Equity investors will have to become far more selective in finding those shares that will give them reasonable growth in the short-term, says Neil Brown, manager of the Nedgroup Investments Growth Fund.
"On the other hand, South African investors who are in invested in the markets for the long-term will just have to sit tight and ride out the volatility in local and global markets."
Speaking at a Nedgroup Investments seminar, Brown said several important indicators showed that the local equity market is now at a high level: "For instance, the average operating margins of industrial shares on the JSE has risen from about 8% to just under 14% in 2007. The same is true for the return on equity of local industrial shares from +10% in 2001 and is now above 25%."
The price/earnings ratio of the FTSE/JSE All Share Index has also increased from around eight times in at the beginning of 2003 to just over 15 times in 2007. "I expect the local equities market to move sideways for the next 12 months."

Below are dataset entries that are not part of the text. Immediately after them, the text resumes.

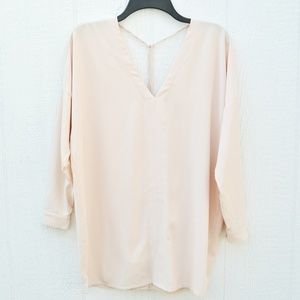 Zara Blush Cream V-Neck Dolman Sleeve Blouse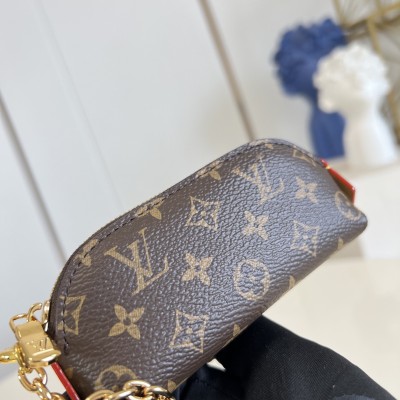 Louis Vuitton - Lipstick Mini Cosmetic Pouch Monogram Canvas with Chain(M25694 Yellow Floral / M25694 Monogram)
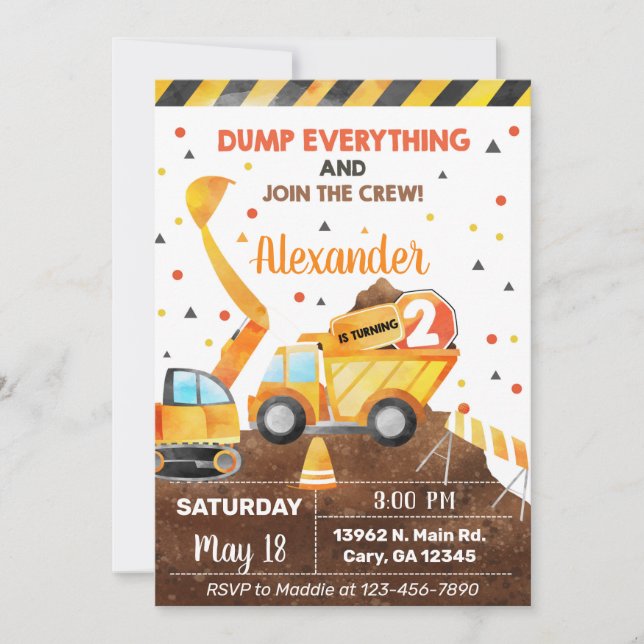 Invitación Dump everything, truck boy birthday inv Einladung (Vorderseite)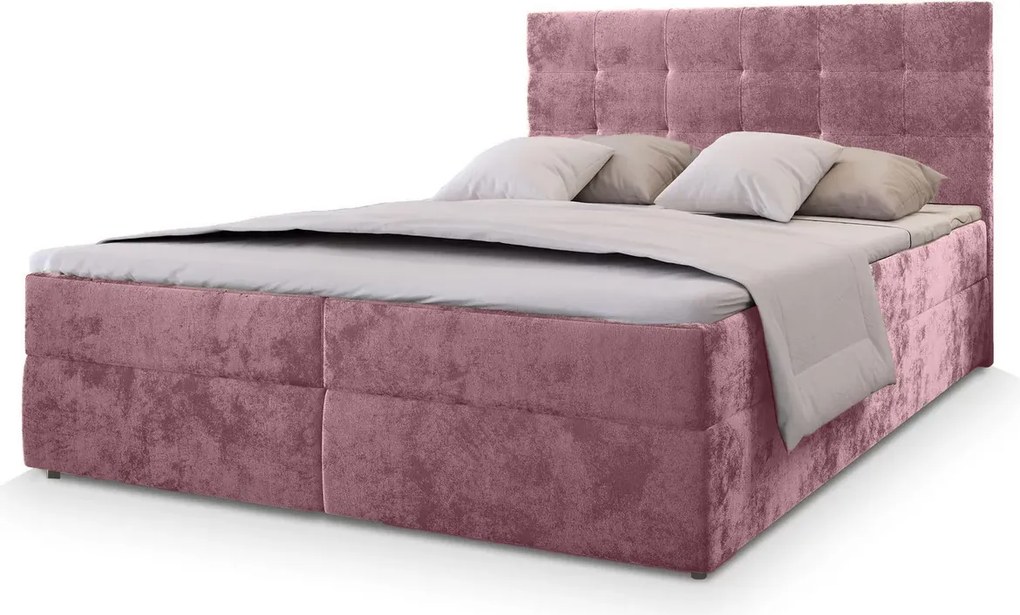 Pat tapitat boxspring GLORIEN VELVET 160x200 cm roz Saltea: Saltea cu arcuri Bonell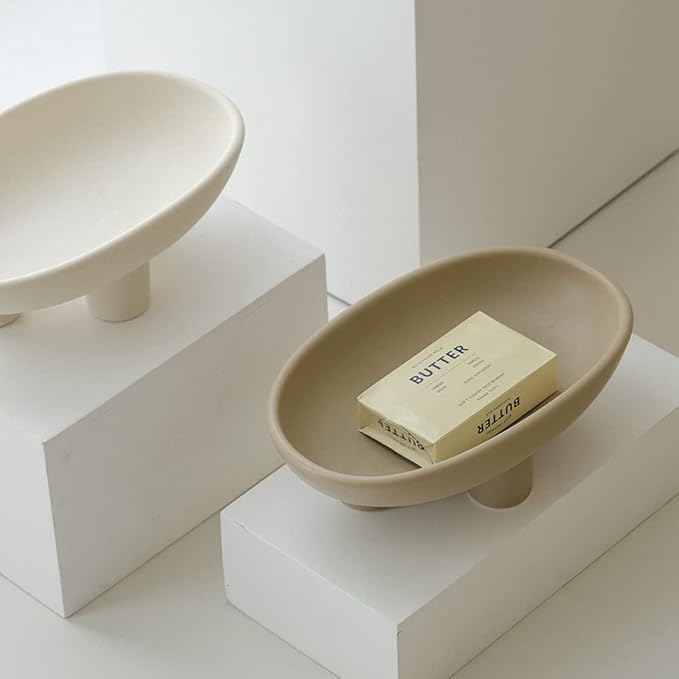 WENSHUO Three-Legs Ceramic Fruit Bowl for Kitchen Counter, Decorative Bowl for Table Décor, 10-inch Oval Large Bowls for Breads (Coconut Café)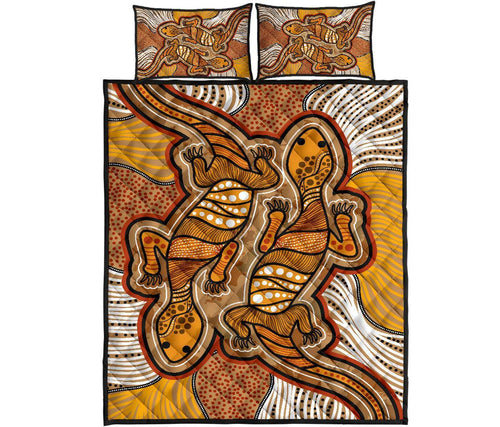 aboriginal-quilt-bed-set-indigenous-two-lizard-vintage-stye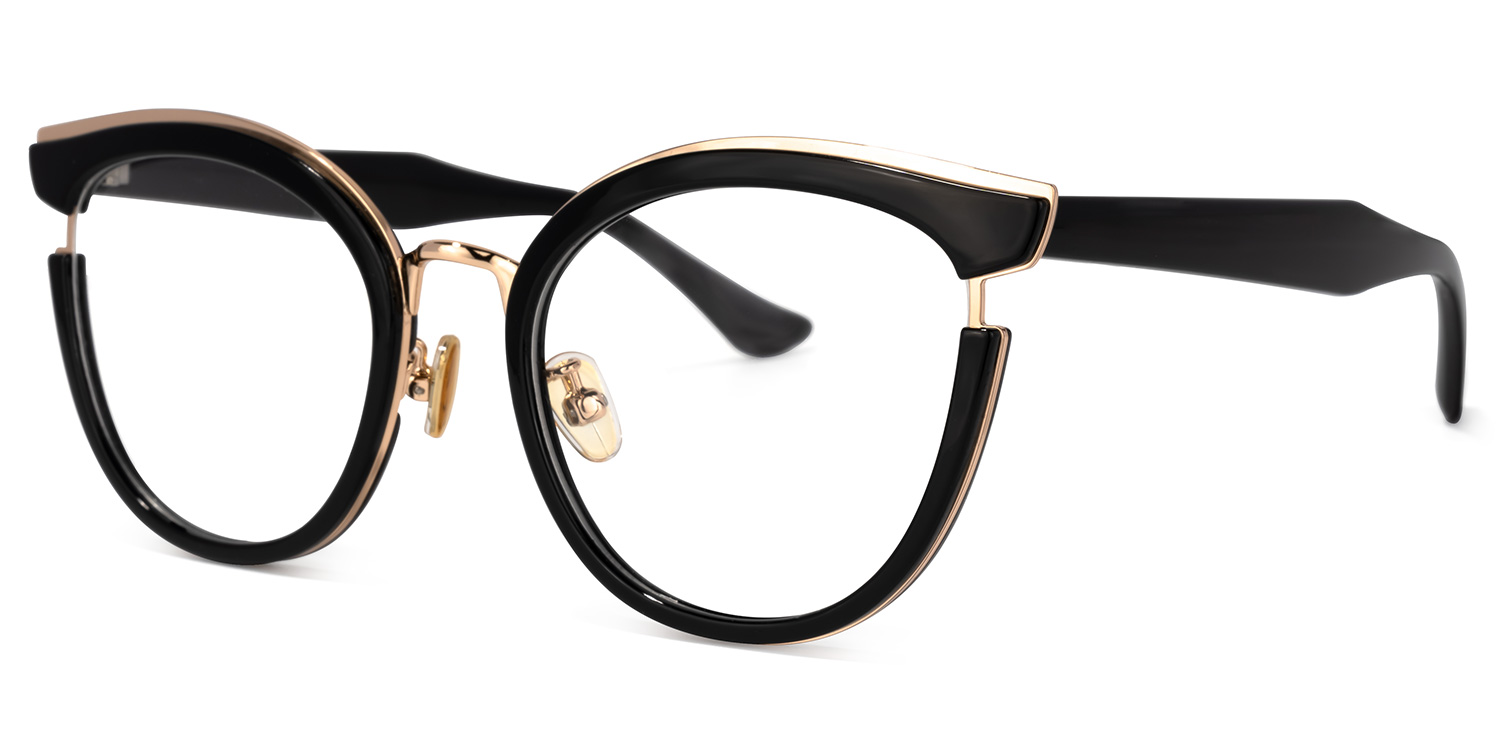 Laraine Cat Eye Black Glasses1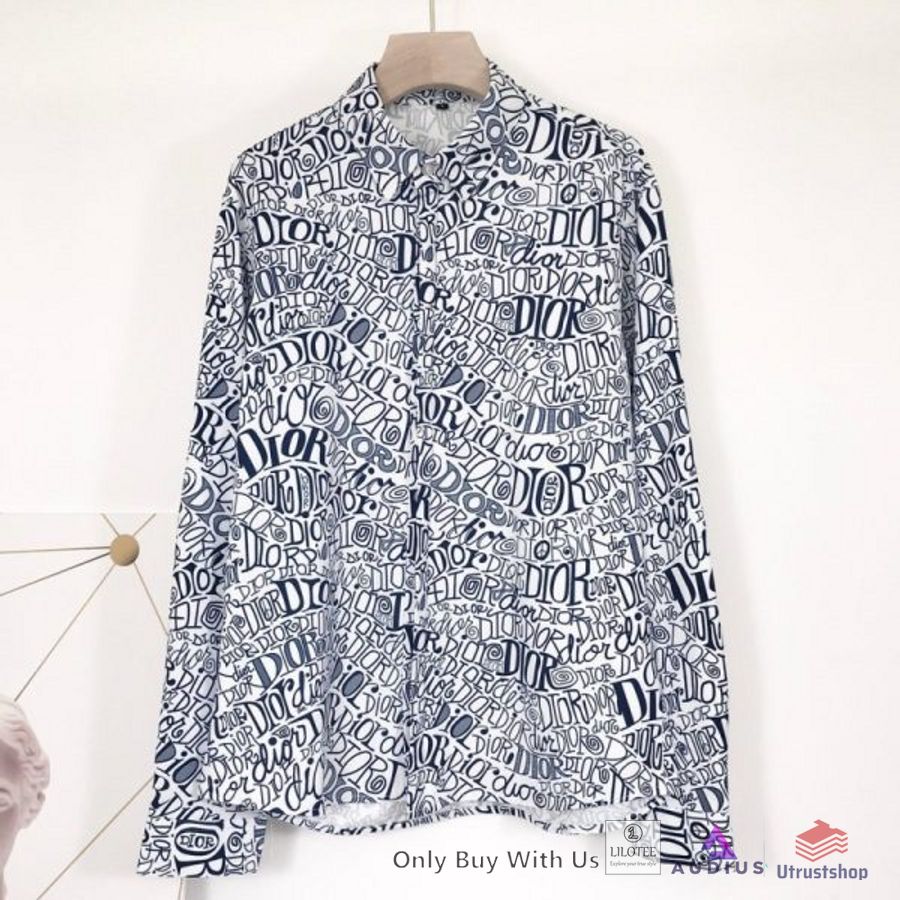 dior jadore christian pattern blue 3d longsleeve button shirt 1 93859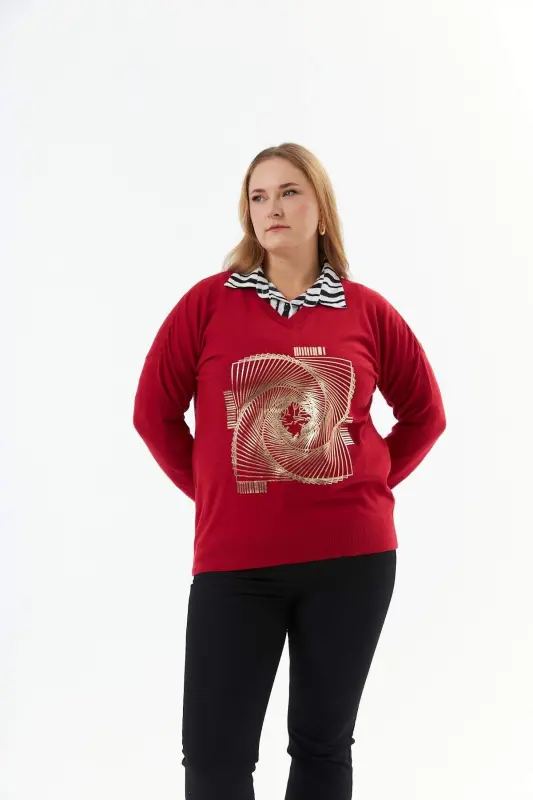 Plus Size V-Neck Cashmere Blend Patterned Knit Sweater Red - 3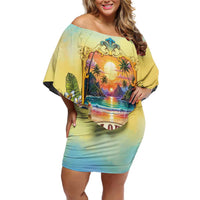Aloha Hawaii Turtle Family Matching Off Shoulder Short Dress and Hawaiian Shirt Retro Style LT05 Mom's Dress Beige - Polynesian Pride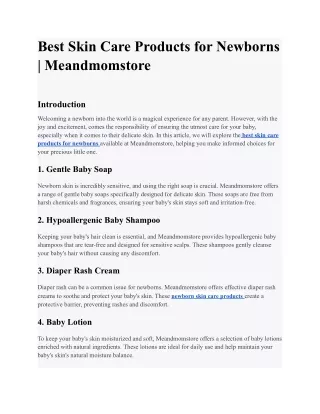 Best Skin Care Products for Newborns _ Meandmomstore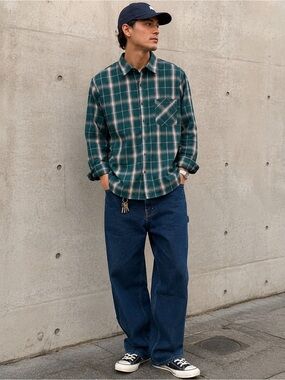 Jogal Men’s Green Plaid Button Up Shirt Size M Long Sleeve Cotton Blend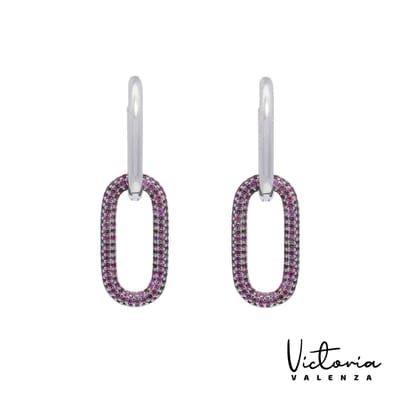 Victoria Valenza Zilverkleurige lange link oorbellen met roze zirkonia stenen – Oorbellen – Zilveren oorbellen – Oorbellen dames – Oorbellen Zilver – Zilver – Zirkonia stenen – 1 paar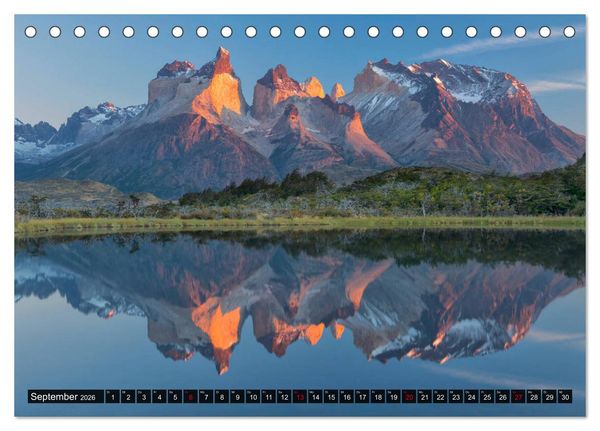 Produktbild: Patagonien und Feuerland (Tischkalender 2026 DIN A5 quer), CALVENDO Monatskalender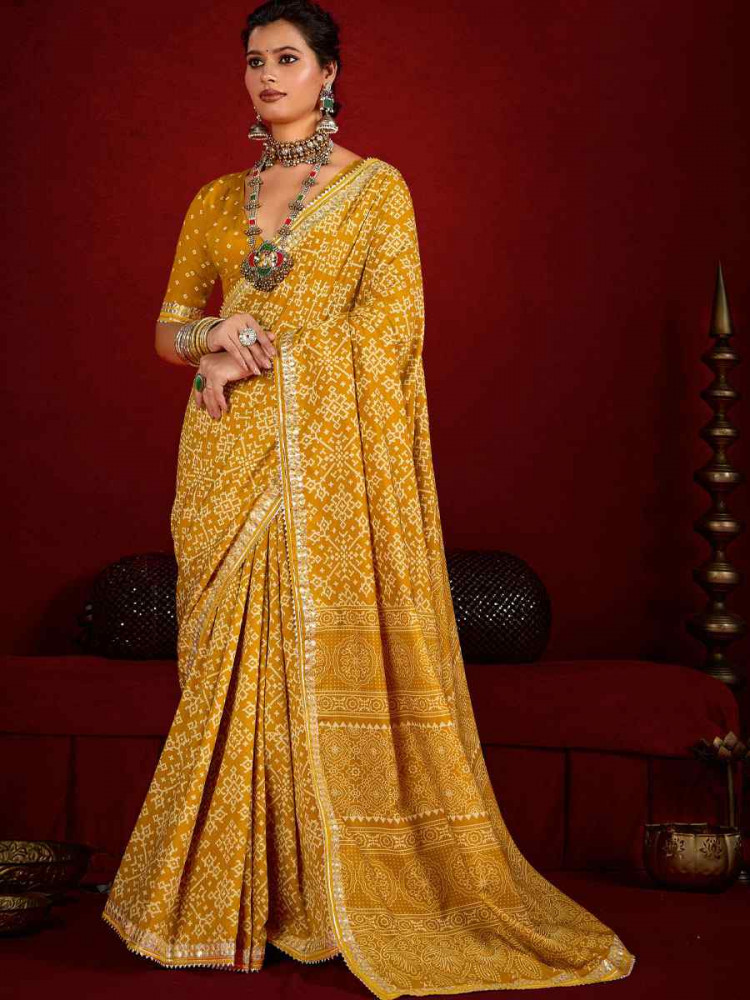 Image of Yellow Velvet Tussar Silk Printed Embroidery Casual Reception Festival Wedding Fancy Classic Style Sarees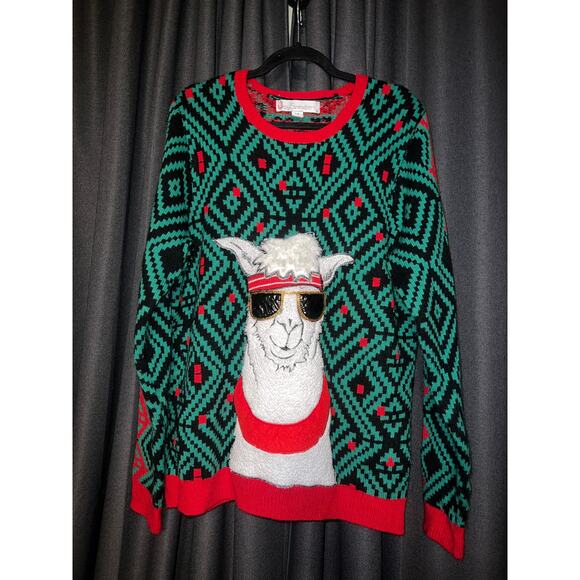 Ugly Christmas Sweater Xmas Size Large Llama - Picture 1 of 3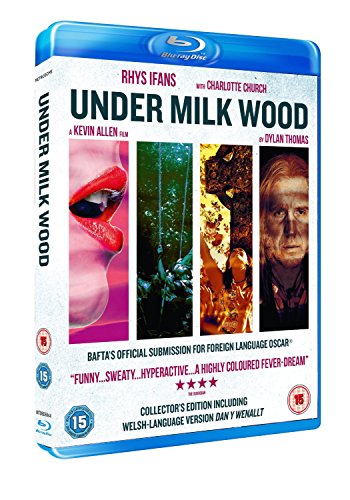 Under Milk Wood" Blu-ray cover with collage of faces and abstract imagery.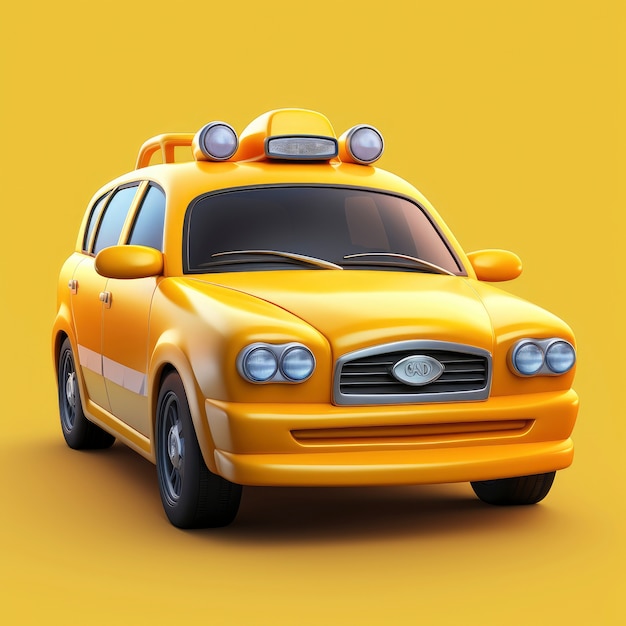 View of graphic 3d taxi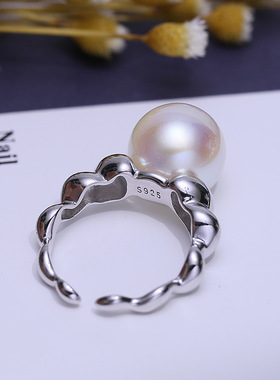 DIY配件S925纯银珍珠戒指空托
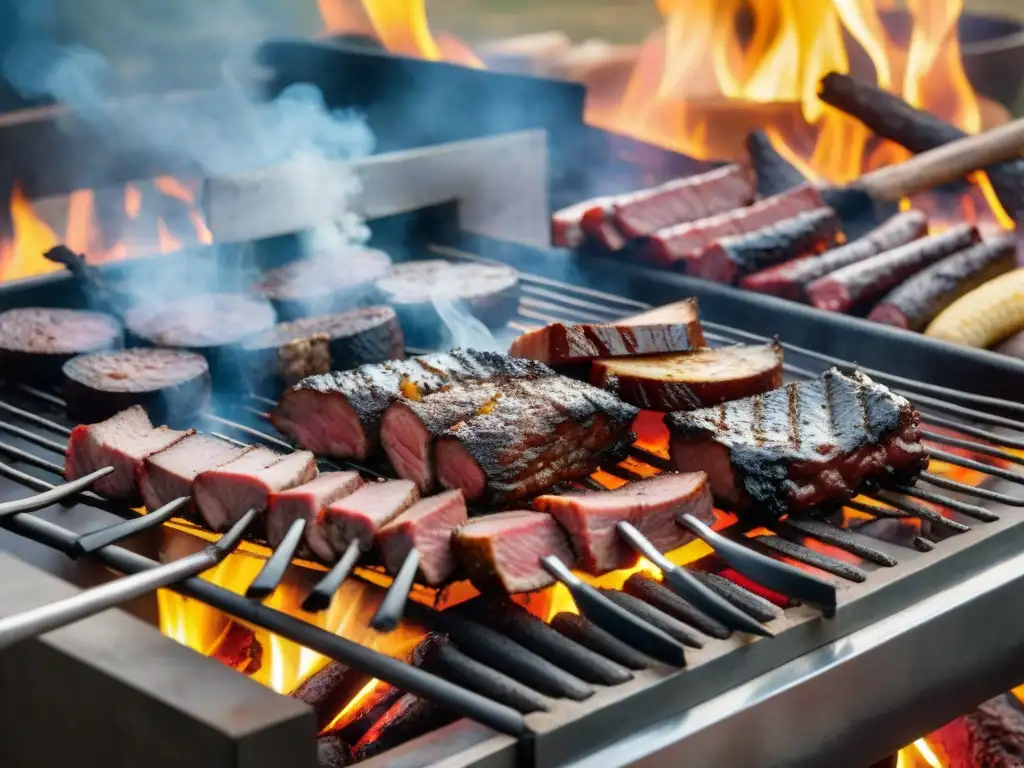 Delicioso asado uruguayo en parrilla tradicional con carnes y llamas, en un entorno campestre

"In terms of our current portfolio position, we favour high quality, mid-sized industrial companies as well as local banks. In the next couple of months we will also be looking for higher levels of safety margins in our valuations of companies."
Brown said the Nedgroup Investments Growth Fund was continuously investing in companies with better quality business models supported by high levels of pricing power and cash generation. "We also favour defensive and less cyclical shares that meet these criteria, such as Standard Bank, Remgro, Pick n Pay, Naspers and Liberty International."
Speaking at the same investment seminar, Larry Jones, chief investment officer at Nedgroup Investments UK and manager of the Nedgroup Investments International Target Return Fund, said the turbulent markets of the past two months was particularly stressful for investors in individual hedge funds, where some major losses occurred.
This again emphasised the importance of investing in hedge funds that focused on preserving capital in times of extreme volatility, such as a fund-of-hedge funds.
"Volatile markets create inefficiencies in markets and these can be exploited by skilled hedge fund managers to create that extra return for investors, also known as alpha. Investors would be in a better position if they invest with managers of fund-of-hedge funds who focus on generating alpha returns (the risk-adjusted returns due to skill which cannot be easily replicated), instead of managers who focus on beta returns (the return provided by exposure to market risk factors which can be replicated through for instance, index tracking funds).
Jones pointed out that the US sub-prime mortgage crisis acted as a catalyst for the pullback in global markets and that "more delinquencies" will follow. "The crisis has not played itself out yet and there are still problems ahead."
He said South African investors would feel the impact through a general market pullback. "It has led to a widening in credit spreads in emerging market bonds and greater risk aversion."